Mes recherches (mêlant histoires remplies d’affects, Histoire coloniale et Histoire botanique) sont un point de départ pour des réflexions plus larges sur ce qui nous relie au vivant et aux autres aujourd’hui. Lors de cette résidence, j’ai pu croiser de manière poreuse créations, recherches et moments de partage sous forme de workshops. Je dirai même que la méthodologie s’est établie ainsi : la création (le projet initial du Muséum) m’a amené à faire des recherches et expérimentations (sur des questions botaniques, enrichies par la rencontre avec le Professeur Wen-Te Chang, spécialisé en sciences botanique et en médecine Chinoise, qui nous a fait visiter le Lifu Museum de Taichung, m’introduisant ainsi à la médecine traditionnelle chinoise et collaborant avec moi sur une activité autour des balles médicinales de massage, que nous avons ensuite reproduite avec les enfants lors d’un des workshops) qui ont alimenté et initié du contenu (des activités) pour des moments de partage.
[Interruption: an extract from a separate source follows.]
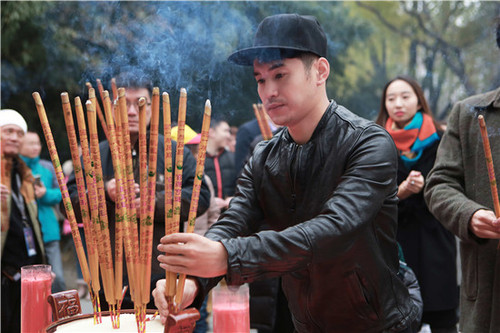 《地下室的百万富翁》主演文松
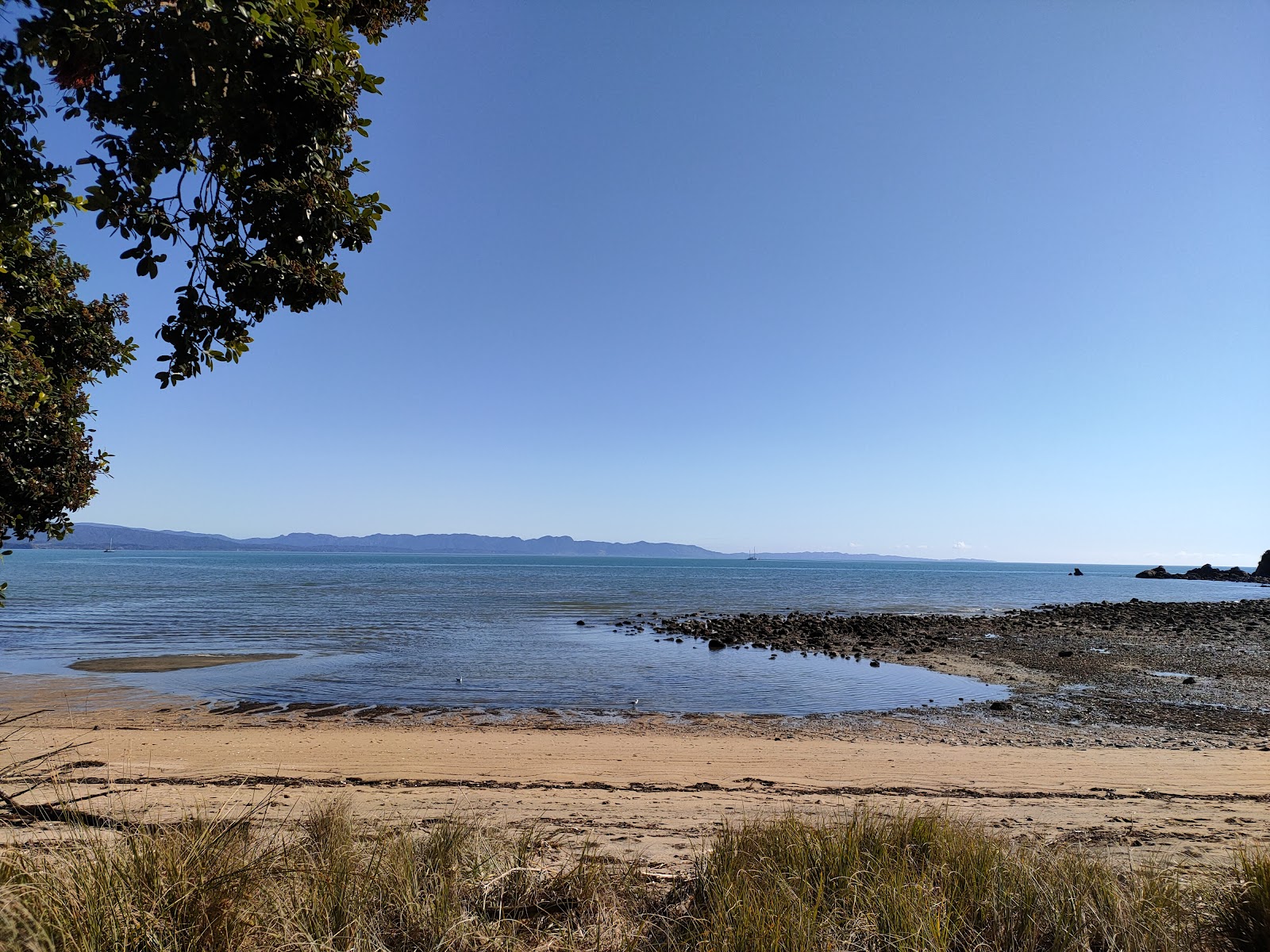 Photo de Ligar Bay Beach protégé par des falaises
Ces derniers ont eux-mêmes été vecteurs de matériaux pour de nouvelles pièces au cœur du Muséum des Espèces Inutiles (la création d’une nouvelle Boîte d’Utilité Historique, la « Boîte d’Utilité Historique n°3 » du fond du MDEI ; la création d’un personnage de fiction pour les jeunes enfants comme médium pour faire passer une autre conception du vivant ; un projet éditorial en collaboration avec le designer graphique et illustrateur associé au projet du MDEI, Jasper Ovacik).
Sur place, j’ai pu poursuivre certains axes de recherches : comment détourner davantage le rôle initial de la Boîte scolaire (https://gallica.bnf.fr/accueil/fr/html/les-boites-scolaires-supports-pedagogiques-du-jardin-colonial) et son contenu, intégrer au projet du MDEI les créations des enfants, interroger mes propres gestes, celui de la collecte, de la description.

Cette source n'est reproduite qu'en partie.